§ What you need to do:
In the output, include exactly the lines from the beginning of the records up to and including the one that contains "View of Budapest", and leave out the pictures.

Material supplied START

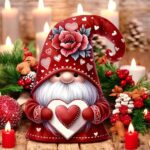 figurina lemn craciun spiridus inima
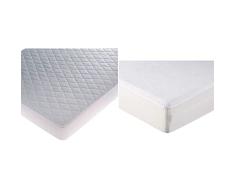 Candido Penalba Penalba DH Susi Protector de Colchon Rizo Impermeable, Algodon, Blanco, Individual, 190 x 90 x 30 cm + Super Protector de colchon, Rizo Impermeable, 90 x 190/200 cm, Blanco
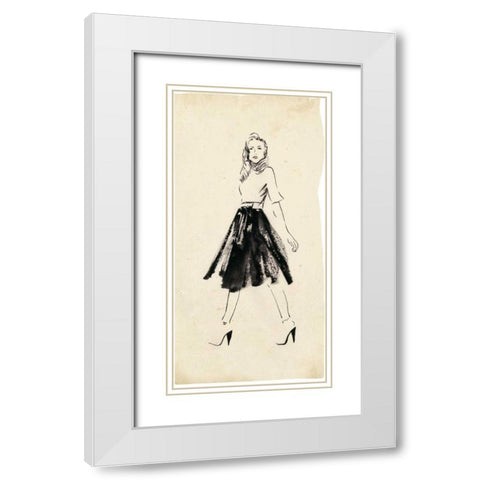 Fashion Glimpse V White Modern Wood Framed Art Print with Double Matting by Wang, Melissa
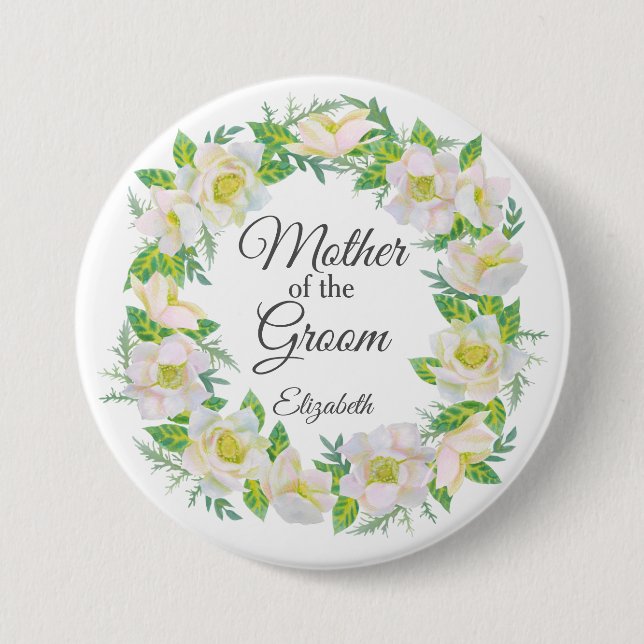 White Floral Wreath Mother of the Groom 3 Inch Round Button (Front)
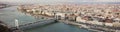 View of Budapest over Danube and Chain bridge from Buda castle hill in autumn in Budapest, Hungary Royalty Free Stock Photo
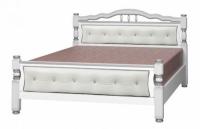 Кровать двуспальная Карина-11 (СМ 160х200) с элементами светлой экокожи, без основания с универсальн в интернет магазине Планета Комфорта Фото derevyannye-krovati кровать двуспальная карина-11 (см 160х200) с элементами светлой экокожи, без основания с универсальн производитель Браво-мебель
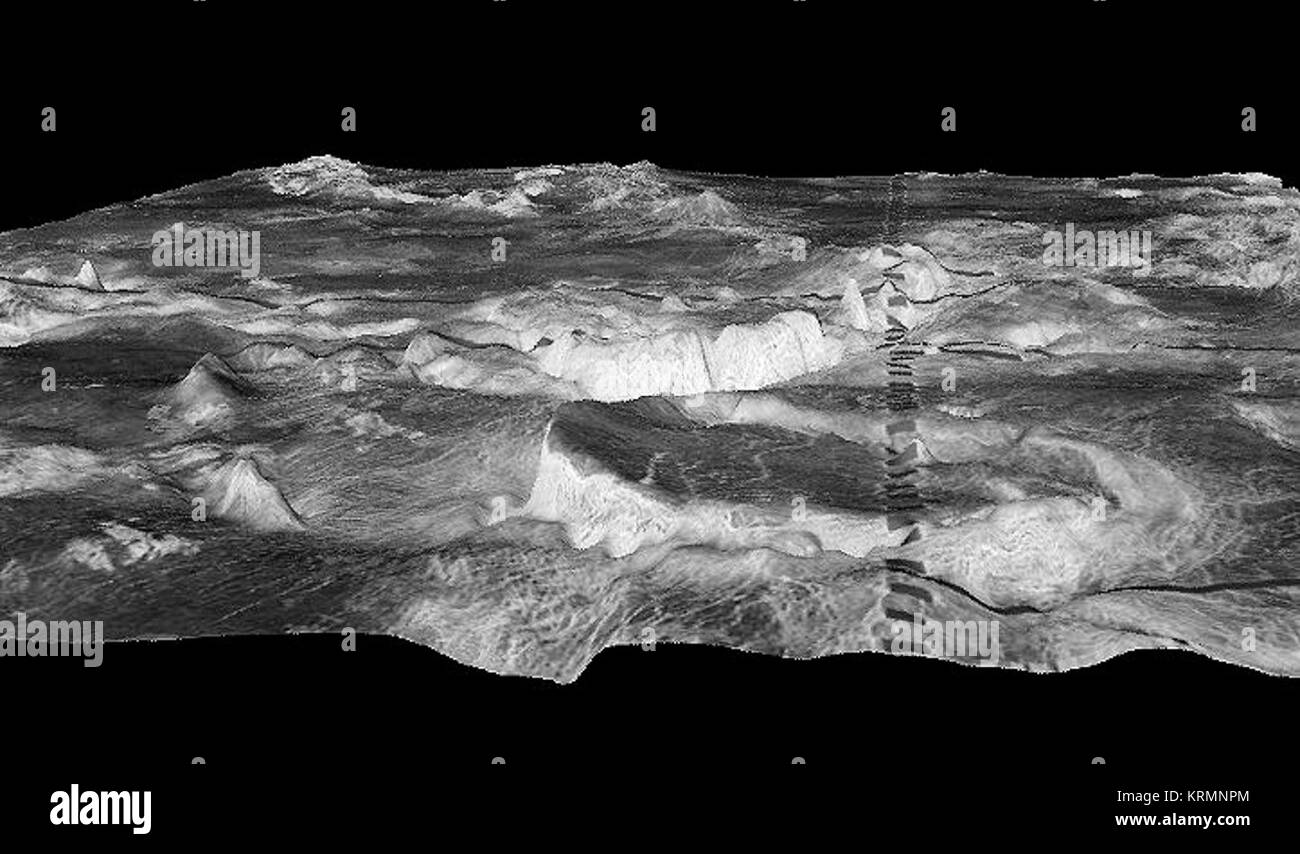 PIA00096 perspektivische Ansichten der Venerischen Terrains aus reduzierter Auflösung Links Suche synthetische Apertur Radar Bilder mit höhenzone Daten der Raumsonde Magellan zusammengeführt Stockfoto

Material supplied END

§ Answer to this task:
 figurina lemn craciun spiridus inima
 Candido Penalba Penalba DH Susi Protector de Colchon Rizo Impermeable, Algodon, Blanco, Individual, 190 x 90 x 30 cm + Super Protector de colchon, Rizo Impermeable, 90 x 190/200 cm, Blanco
 Fashion Glimpse V White Modern Wood Framed Art Print with Double Matting by Wang, Melissa
 White Floral Wreath Mother of the Groom 3 Inch Round Button (Front)
 View of Budapest over Danube and Chain bridge from Buda castle hill in autumn in Budapest, Hungary Royalty Free Stock Photo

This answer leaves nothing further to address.